Enquanto confessavam quais os seus sketches preferidos – o pouco conhecido Uma barata no banheiro é o eleito por Gregorio Duvivier; a série O Refém é a escolha de João Vicente de Castro -, foram falando do seu trabalho como inspiração individual transformada em obra colectiva. Cada um tem a sua metodologia criativa – “eu gosto de usar drogas legais na Holanda”, diz Duvivier – e os esboços daí nascidos, organizados por Fábio Porchat, passam depois de mão em mão, retocados, riscados, misturados com outros, tantas vezes deitados fora ou, outras, completamente reescritos. “Deus [em que uma mulher morre e descobre que o Deus verdadeiro é a divindade adorada por uma pequeno tribo polinésia], começou como reunião de todos os deuses. Mas depois fomos eliminando-os um a um”. Sobrou o polinésio e, com ele um sketch em que, de forma muito simples, devidamente herética, se desmascara a ambição de cada religião à universalidade.

No final da conferência de imprensa estarão público, jornalistas e humoristas de olhos nas imagens na parede, onde passam os três minutos de Quem manda, com um pai super protector até ao grotesco e o aterrorizado namorado da filha.
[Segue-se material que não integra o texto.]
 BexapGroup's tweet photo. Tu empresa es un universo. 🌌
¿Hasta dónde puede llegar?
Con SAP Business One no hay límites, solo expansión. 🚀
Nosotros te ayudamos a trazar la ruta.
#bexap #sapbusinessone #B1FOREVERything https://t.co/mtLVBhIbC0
Aquele humor, além do apreço e das gargalhadas de milhões, já lhes valeu várias ameaças de processos judiciais por parte das igrejas evangélicas, principalmente após o Especial de Natal criado em 2013, ameaças pouco discretas em operações stop (a polícia brasileira é alvo comum nos sketches e João Vicente de Castro teve um agente a dizer-lhe de cara fechada: “se fosse outro policial, atirava você já para o mato”), ou perdas de contratos publicitários com empresas de fast-food - a gerente responsável pela mesma chamava-se Kellen e levou a peito o sketch em que uma rapariga procura aquele nome nas latas de refrigerante dispostas numa prateleira de supermercado: “Ah, Kellen não tem. Nome de puta qualquer um faz”, explica o empregado.
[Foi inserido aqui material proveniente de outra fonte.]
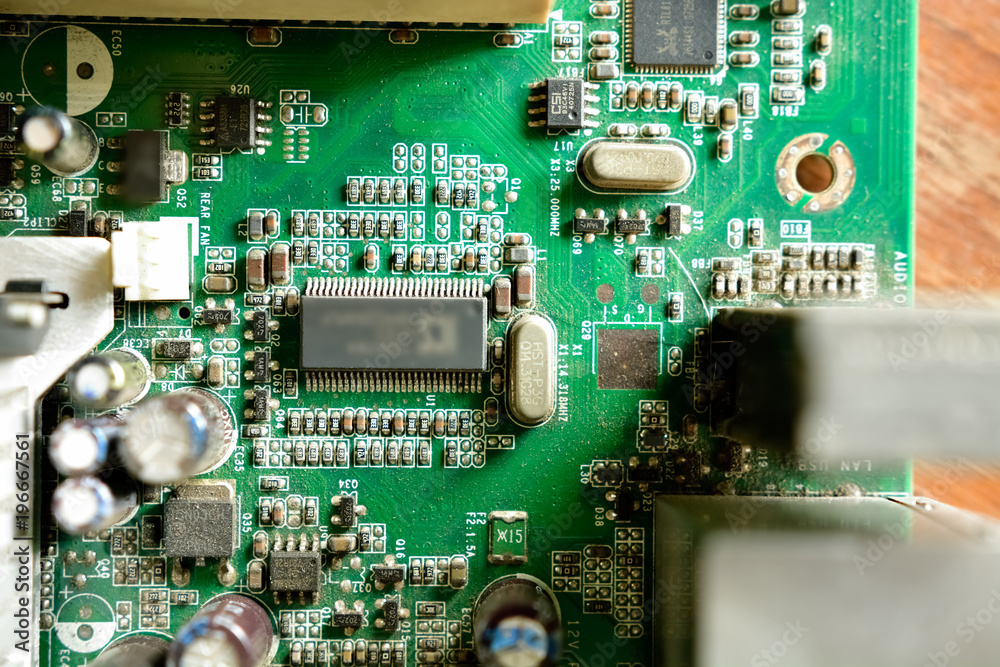 Fototapeta premium Intricate circuit board of computer. Circuit Components.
Na génese do humor da Portas dos Fundos não estão comediantes brasileiros como Chico Anysio ou Jô Soares (“são génios, mas não é o que fazemos”). Por eles passam as palavras de Luis Fernando Verissimo ou Millôr Fernandes, passa o legado obrigatório dos Monty Python. “Gostamos de humor realista, contaminado pela net ou por desenhos animados nada ingénuos como Family Guy”, diz Gregório Duvivier.
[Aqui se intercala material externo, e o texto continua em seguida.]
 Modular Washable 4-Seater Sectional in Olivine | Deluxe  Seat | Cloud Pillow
Enquanto cresciam, contam, procuravam sem encontrar um humor arrojado, sintonizado com o seu tempo - os Monty Python, sendo geniais, eram passado. Entre outras coisas, acabariam por descobrir descobriram uns certos Gato Fedorento activos lá longe na Europa – e, de caminho Bruno Aleixo, e agora admiram João Quadros, César Mourão ou Salvador Martinha. “Era inteligente, era novo, ousado, nonsense”, entusiasma-se Duvivier – “já disse que o Ricardo Araújo Pereira é o maior humorista da língua portuguesa?”, exclamará três ou quatro vezes durante a conferência.

Um grupo de humoristas brasileiros olharam para o outro lado do Atlântico e entusiasmaram-se. Burilaram as suas ideias, atiraram-se à realidade que os rodeava e perceberam que só a total independência criativa seria satisfatória. A Internet adoptou-os num ápice. A televisão não resistiu. Chegam a agora a Portugal. Na horizontal. No auto-proclamado Dia Nacional da Ressaca.